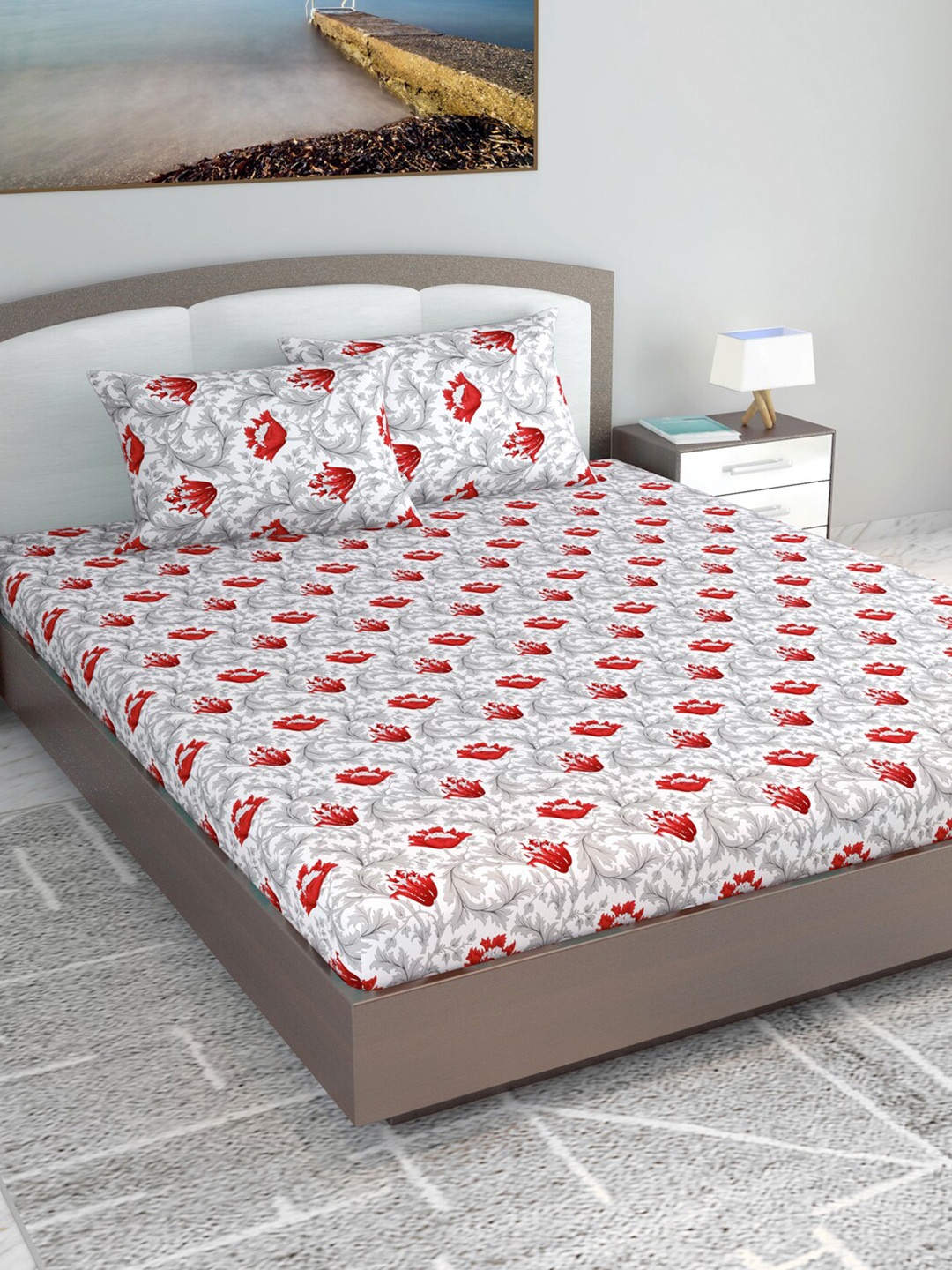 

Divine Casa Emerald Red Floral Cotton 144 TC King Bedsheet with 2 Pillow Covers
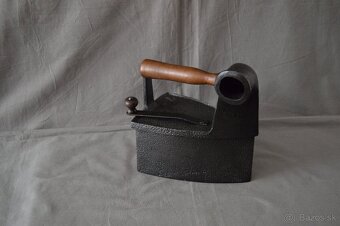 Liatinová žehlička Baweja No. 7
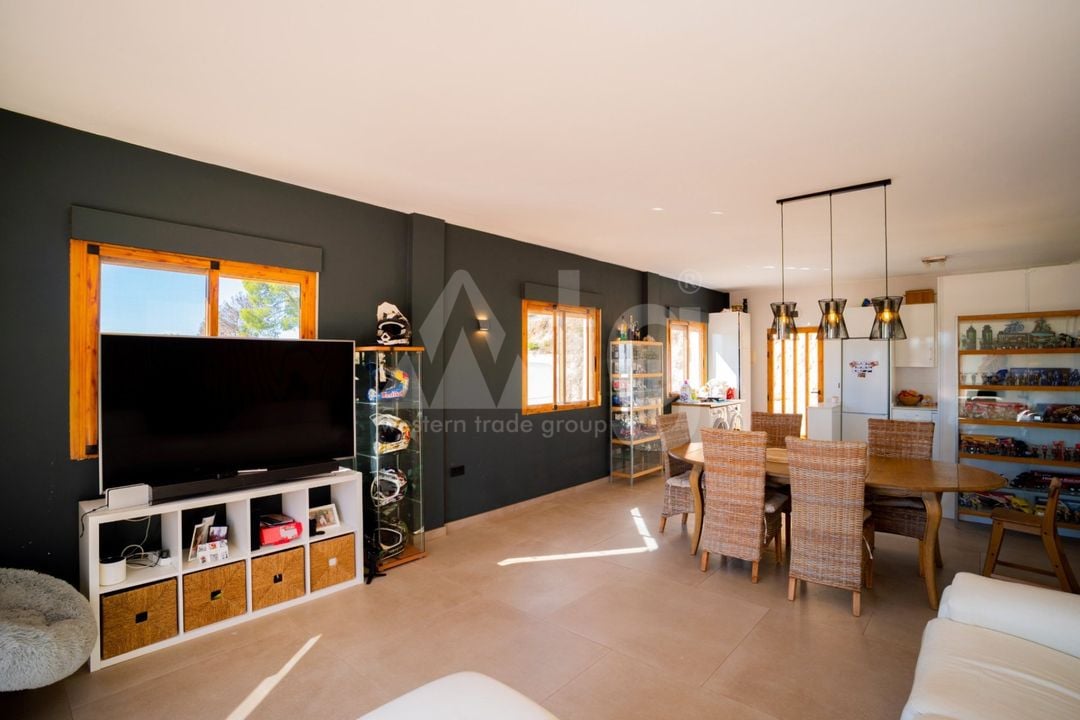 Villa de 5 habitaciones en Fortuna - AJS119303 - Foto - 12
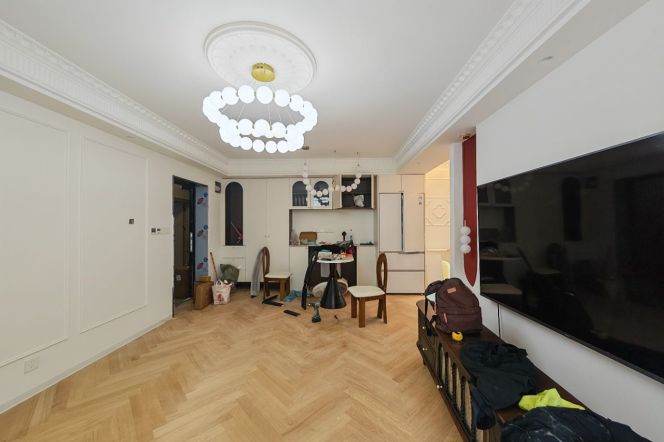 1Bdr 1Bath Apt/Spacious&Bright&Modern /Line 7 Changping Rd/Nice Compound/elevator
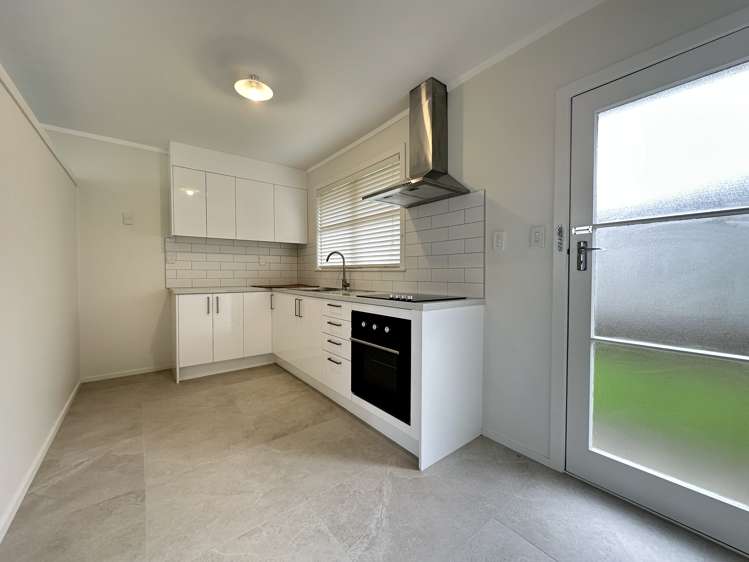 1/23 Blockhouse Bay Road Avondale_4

****

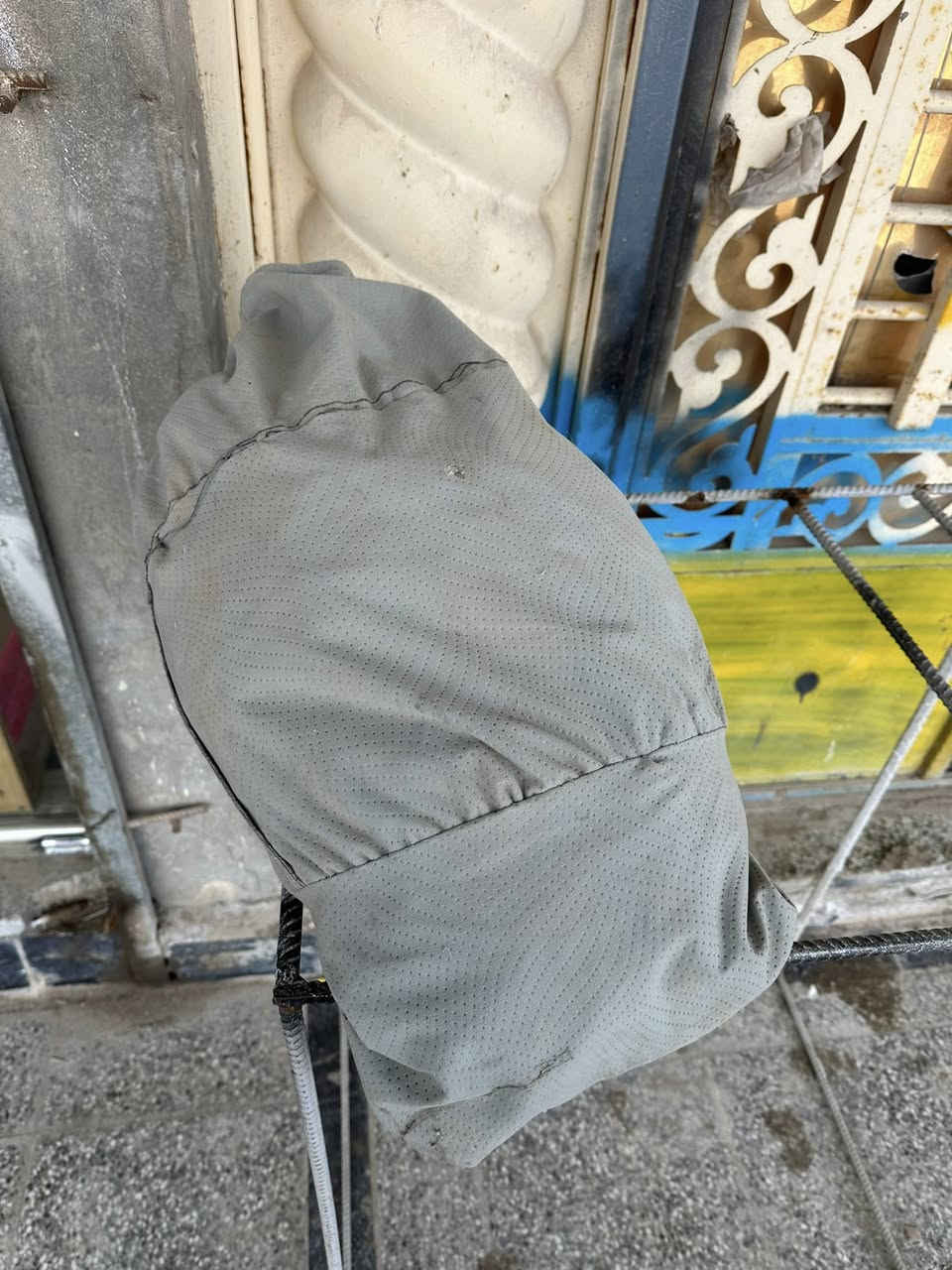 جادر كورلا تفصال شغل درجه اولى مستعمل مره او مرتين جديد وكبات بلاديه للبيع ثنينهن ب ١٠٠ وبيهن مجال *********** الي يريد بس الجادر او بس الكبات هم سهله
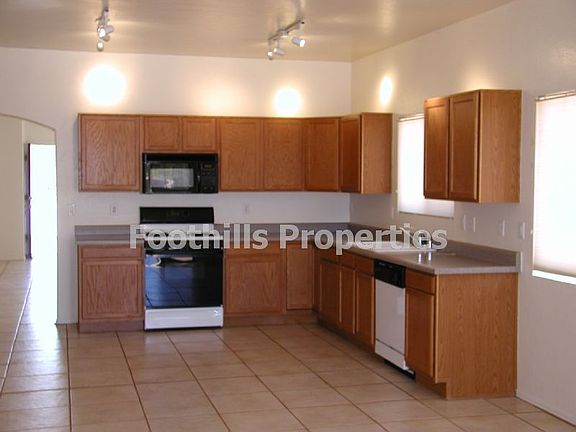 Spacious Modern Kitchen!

****

= Exercise directions =
From the records above, copy exactly the stretch from the line holding "Liatinová žehlička Baweja No. 7" through the line holding "1/23 Blockhouse Bay Road Avondale_4", both ends included, without the pictures.

= Exercise answer =
 Liatinová žehlička Baweja No. 7
 Villa de 5 habitaciones en Fortuna - AJS119303 - Foto - 12
 1Bdr 1Bath Apt/Spacious&Bright&Modern /Line 7 Changping Rd/Nice Compound/elevator
 1/23 Blockhouse Bay Road Avondale_4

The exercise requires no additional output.